Abstract

Adsorption of atomic and molecular species on several model film surfaces is shown to lead to systematic and reproducible spectral shifts for infrared absorption peaks associated with vibrations at the film/adsorbate interface. These shifts to lower frequencies are demonstrated to be versatile spectral signatures of this exposed interface. While this is found to occur for a wide variety of adsorbates, this work focuses on the adsorption of Xe onto molecular surfaces. By using the pre-Xe film reflectivity as a reference in calculating the spectra, the changes induced by Xe adsorption due to van der Waals forces are isolated from the conventional film spectrum which contains both surface and subsurface spectral contributions.

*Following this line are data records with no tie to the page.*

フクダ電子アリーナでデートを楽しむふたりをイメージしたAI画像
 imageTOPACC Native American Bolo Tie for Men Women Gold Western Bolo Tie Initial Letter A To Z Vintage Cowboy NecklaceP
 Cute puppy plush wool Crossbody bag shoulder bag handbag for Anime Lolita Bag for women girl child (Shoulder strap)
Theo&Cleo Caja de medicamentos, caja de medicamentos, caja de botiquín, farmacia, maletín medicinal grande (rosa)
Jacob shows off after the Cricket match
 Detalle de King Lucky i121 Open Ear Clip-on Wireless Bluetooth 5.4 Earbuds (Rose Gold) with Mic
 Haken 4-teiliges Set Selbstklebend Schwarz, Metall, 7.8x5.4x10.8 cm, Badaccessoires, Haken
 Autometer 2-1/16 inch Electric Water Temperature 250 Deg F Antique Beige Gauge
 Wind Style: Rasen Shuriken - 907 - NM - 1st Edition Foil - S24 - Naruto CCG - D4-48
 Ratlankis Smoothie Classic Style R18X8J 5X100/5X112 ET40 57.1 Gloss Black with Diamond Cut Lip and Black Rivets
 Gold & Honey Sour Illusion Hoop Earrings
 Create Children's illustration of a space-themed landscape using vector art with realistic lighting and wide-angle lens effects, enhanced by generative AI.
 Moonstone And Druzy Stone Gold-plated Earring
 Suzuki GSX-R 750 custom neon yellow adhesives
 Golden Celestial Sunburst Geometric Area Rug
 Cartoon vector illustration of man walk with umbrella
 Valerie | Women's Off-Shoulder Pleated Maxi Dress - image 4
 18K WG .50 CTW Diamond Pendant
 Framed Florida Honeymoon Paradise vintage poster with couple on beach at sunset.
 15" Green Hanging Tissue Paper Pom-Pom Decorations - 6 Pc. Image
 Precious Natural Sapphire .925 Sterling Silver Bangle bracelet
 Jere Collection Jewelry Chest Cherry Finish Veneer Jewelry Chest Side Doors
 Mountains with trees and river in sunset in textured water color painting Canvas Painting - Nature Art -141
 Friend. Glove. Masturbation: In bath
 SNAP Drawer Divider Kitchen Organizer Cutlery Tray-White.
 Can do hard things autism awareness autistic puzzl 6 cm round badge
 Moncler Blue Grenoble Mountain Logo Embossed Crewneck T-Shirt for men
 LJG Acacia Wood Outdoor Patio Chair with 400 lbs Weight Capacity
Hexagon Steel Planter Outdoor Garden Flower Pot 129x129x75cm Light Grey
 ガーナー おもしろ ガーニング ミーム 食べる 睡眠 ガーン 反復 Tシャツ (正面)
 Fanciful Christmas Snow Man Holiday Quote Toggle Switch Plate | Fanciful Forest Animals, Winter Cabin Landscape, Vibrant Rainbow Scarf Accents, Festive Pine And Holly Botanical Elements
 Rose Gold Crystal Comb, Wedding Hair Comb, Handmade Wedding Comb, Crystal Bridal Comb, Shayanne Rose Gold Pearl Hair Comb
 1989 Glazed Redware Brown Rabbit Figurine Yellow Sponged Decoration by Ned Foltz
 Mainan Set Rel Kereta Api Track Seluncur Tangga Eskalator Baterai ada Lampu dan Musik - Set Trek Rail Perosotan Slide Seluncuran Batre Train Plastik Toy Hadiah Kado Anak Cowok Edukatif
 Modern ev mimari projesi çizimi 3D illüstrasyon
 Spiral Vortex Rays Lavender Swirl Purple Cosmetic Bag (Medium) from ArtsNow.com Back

A model-free algorithm containing two user-defined fitting parameters is described to reconstruct the spectrum of the surface from which these shifted features originate. The high surface sensitivity of the technique is exhibited for the case of a hexadecanethiol self-assembled monolayer (SAM), where the reconstruction algorithm successfully reproduces all peaks attributed to the methyl tail groups with minimal spectral contributions from the methylene groups composing the subsurface chain backbone; such methylene spectral features dominate the conventional surface infrared spectra. The algorithm is applied to films of hexane to demonstrate its application to disordered multilayer films as well. The technique and reconstruction algorithm are shown to extract spectroscopic information from the uppermost ∼0.3 nm of the film, representing the fundamental limit of vibrational surface sensitivity. Rudimentary modeling of a CO-Xe3 system using Morse/Lennard-Jones interactions demonstrates the expected distance dependence of the van der Waals interaction which gives rise to the observed vibrational spectral shifts.